Cette structure a fait l'objet de mises en question sur deux fronts :
- du côté des ONG attachées à l'indépendance de l'action humanitaire cela constituait une instrumentalisation par l'Etat d'une cause " sans frontière ",
- du côté du Quai d'Orsay certaines initiatives prises au nom de l'impératif humanitaire pouvaient constituer des ingérences face à la souveraineté des Etats.
En 1997 le choix a été fait d'intégrer l'action humanitaire et de la placer sous l'autorité du ministre des Affaires étrangères. Elle est, par décret, attribuée au ministre en charge de la Coopération, du Développement et des Droits de l'Homme, ce qui est cohérent. Elle est ainsi, comme l'aide au développement, une composante de l'action extérieure. Il fallait en effet prendre en compte les évolutions du monde. La question humanitaire est complexe. Quelques constats :
- Les conflits ne sont, en majorité, plus des guerres entre Etats qui respectent règles et conventions, mais ils sont le fait de groupes armés pour lesquels les populations sont le "théâtre des opérations". Exécutions et violences sur les civils, déplacements de masse ont modifié les problèmes d'accueil et de protection des réfugiés (flux massifs).

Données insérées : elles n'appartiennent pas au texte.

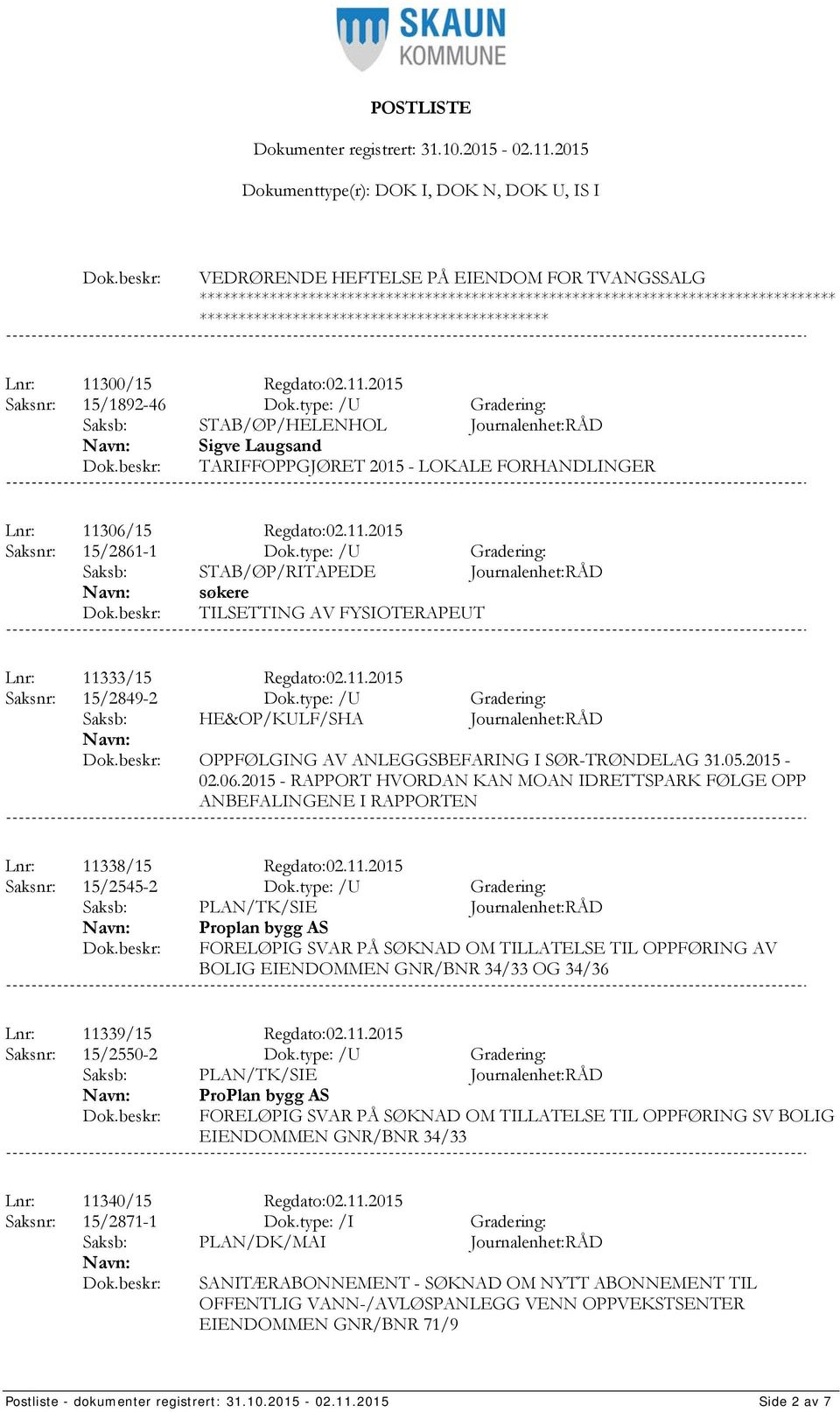 type: /U Gradering: Saksb: STAB/ØP/RITAPEDE Journalenhet:RÅD søkere TILSETTING AV FYSIOTERAPEUT Lnr: 11333/15 Regdato:02.11.2015 Saksnr: 15/2849-2 Dok.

- Les ONG elles-mêmes ont changé d'échelle et au-delà de l'engagement militant les plus grandes constituent des organisations professionnalisées incontournables dans la gestion des crises.
- Les opérations de maintien de la paix de l'ONU (OMP), de plus en plus coûteuses pour la communauté internationale requièrent une réforme (rapport Brahimi).
- La question de la protection des civils dans les conflits devient une question centrale.
L'important rapport de la "Commission internationale de l'intervention et de la souveraineté des Etats", qui vient d'être remis fin décembre à Kofi Annan, sur la "responsabilité de protéger", devra être pris en compte.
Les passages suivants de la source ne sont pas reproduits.